A workflow named mounted single-particle characterization for mineralogical analyses (MSPaCMAn) has been shown to reduce the CT image artefacts described above (Godinho et al., 2021a). First, the particles are dispersed throughout a sample using a spacer to prevent particles from touching each other and to reduce the effect of beam hardening because all sections of a sample have similar densities. Additionally, because the particles are separated, the interphases between neighbour particles are reduced, thus segmenting the particles individually is facilitated. The second step is the labelling of the individual particles, which allows processing of their sub-volumes independently. The reduced complexity of each particle relative to the whole sample simplifies the interpretation of the grey-values, and it allows adding the geometrical properties of a particle as classification criteria.

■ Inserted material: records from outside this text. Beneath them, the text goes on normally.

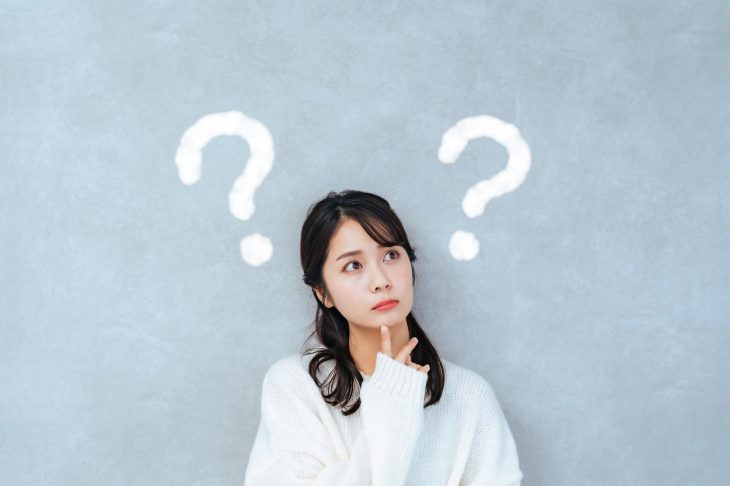 疑問符を背景に、顎に指を当てて考え込む女性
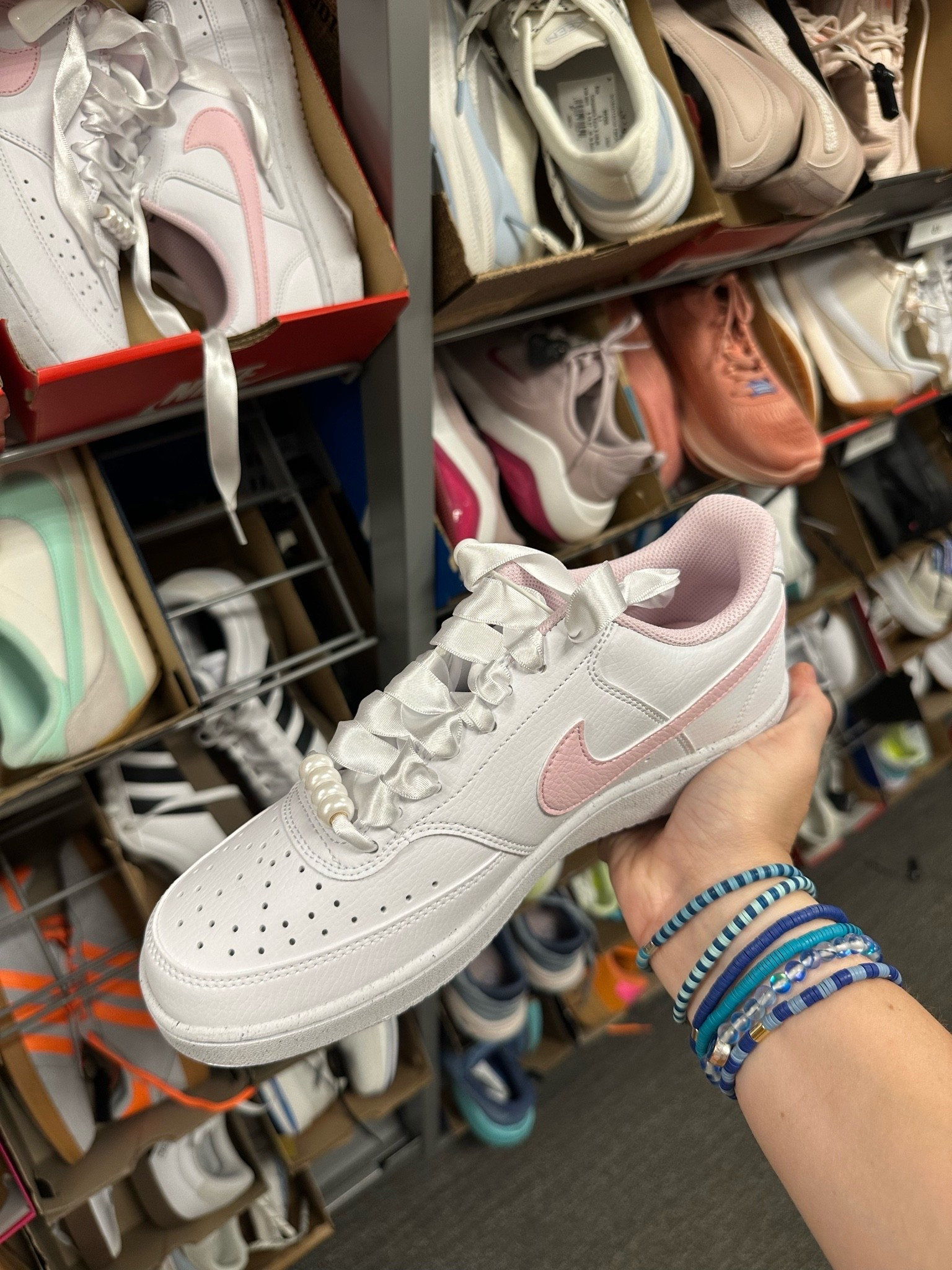 Love these pink & white Nikes with ribbon laces & beads! These are so cute and girly! They’re on sale for $71! Range from sizes 5-12!

#LTKActive #LTKSaleAlert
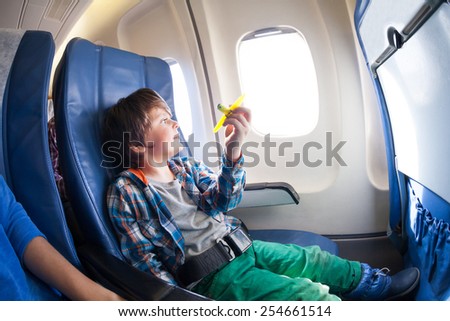 Cute boy with toy plane sit by the airplane window
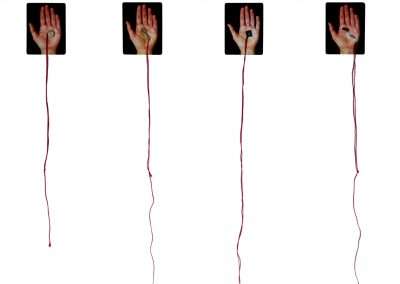 Four identical images arranged in a vertical column showing an open hand against a black background, each linked to red strings that extend downward out of frame, symbolizing connections to favorite things.
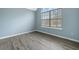 Bedroom with wood-look floors and an arched window at 6207 Willowbrook Dr, Riverdale, GA 30296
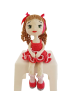 Handmade crochet doll Maha sitting on a stool in a pink dress - gift to Syria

Importantly, the segmentation is done at the particle level and not at the grain level (like traditional segmentation methods (Wang et al., 2016; Guntoro et al., 2019; Da Wang et al., 2020)), which reduces the biased decision of defining boundaries at the smaller grain level.

To summarize, the MSPaCMAn workflow consists of (i) preparation of a particle dispersion sample, (ii) segmentation of individual particles, and (iii) phase classification using the histogram of individual particles and preliminary knowledge about the minerals present. In the next section, the fundamental principles of phase quantification at the particle level are described and appended as step (iv) of the MSPaCMAn workflow.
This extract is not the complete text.